2.27 ppm N : 0.33 ppm P or close to a 7:1 ratio.

Maybe a 16:1 ratio of NO3O4 is what we should be looking for (3.63 ppm N : 0.33 ppm P).

I have been dosing 8ppm KNO3 (1/2tsp KNO3), .46ppm PO4 (1ml fleet) three times a week for the last two weeks. My NO3 has remained stable at 2ppm and phosphates have been .1 No algae so far and the tank is crystal clear. 

Does it really matter what the ratio is as long as the plants are doing well and the algae is not?


----------



## Splash (Feb 18, 2004)

:? Hmmm. I'm not sure if this is correct, but I thought that the 10ppm NO3 : 1ppm PO4 was based on the Redfield Ratio for aerobic decomposition of simple sugars: 106 C:263 H:110 O:16 N:1 P, which are all in moles. (Chemical "moles," not the little furry ones!) 
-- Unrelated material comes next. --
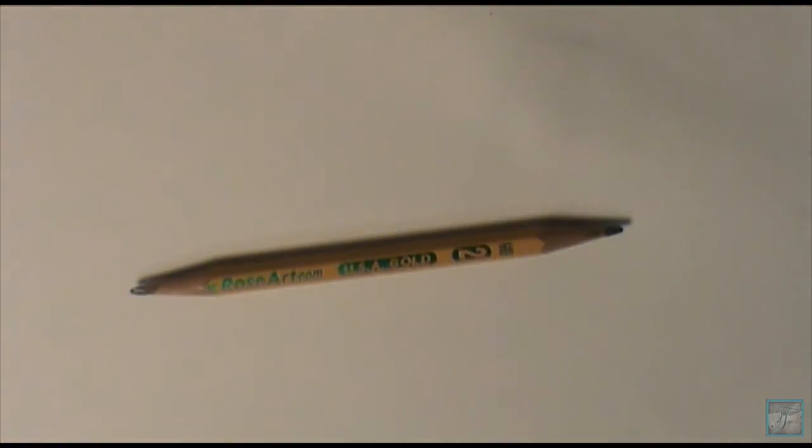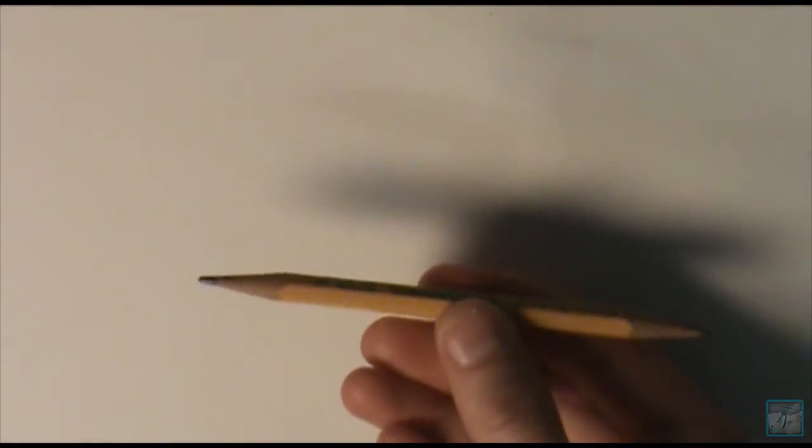These are HB number two pencils. These are the double-ended ones and you can find these pretty much anywhere, but they are a little bit expensive depending on if you get the double-ended ones versus the normal ones.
So that also means 16 moles of NO3 to 1 mole of PO4. The atomic mass of N is 14.007 g/mole, P is 30.974 g/mole and O is 15.999 g/mole. So a 16N:1P ratio in moles translates to 992064 mg NO3 : 94970 mg PO4. Dissolve both the NO3 and PO4 in one liter of water and simplify the ratio gives approximately 10 ppm NO3 : 1 ppm PO4.

So, _VOILA_! My solution might be totally hosed, but I get the correct number!!!  




matpat said:


> If I remember correctly, what we are looking for is a N : P ratio of 10:1. This would actually be Nitrogenhosphorous not Nitratehosphate.
> 
> 10ppm NO3 : 1ppm PO4 would actually be:
> 
> ...


----------



## fishlady (Jan 12, 2004)

Splash: You are way over my head with that last answer. Just learning about plants and levels. etc! :?


----------



## Splash (Feb 18, 2004)

Sorry! The simple (simpler?) answer is that the composition of plant matter has an average ratio of nitrogen to phosphorous _atoms_ (not ppm) of 16 N for every 1 P. We, therefore, assume that if we provide dissolved nitrogen and dissolved phosphorous as fertilizer in a similar ratio, the plants will be able to use both nutrients most effectively. But we don't fertilize with pure N & P atoms, we use nitrate (NO3-) and phosphate (PO4+). So we have to correct the atomic ratio of 16 N: 1 P to a mass-based (or "weight-based," if you prefer) ratio, plus we must account for the mass of the extra oxygen atoms (O) in the nitrate and phosphate salts. When you do that, you get a corrected ratio of about 10 ppm nitrate: 1 ppm phosphate.

Simplest answer: Keep your phosphate low...less than 1 ppm. Add nitrate as necessary to get a ratio of ~ 10:1 for ppm nitrate to ppm phosphate.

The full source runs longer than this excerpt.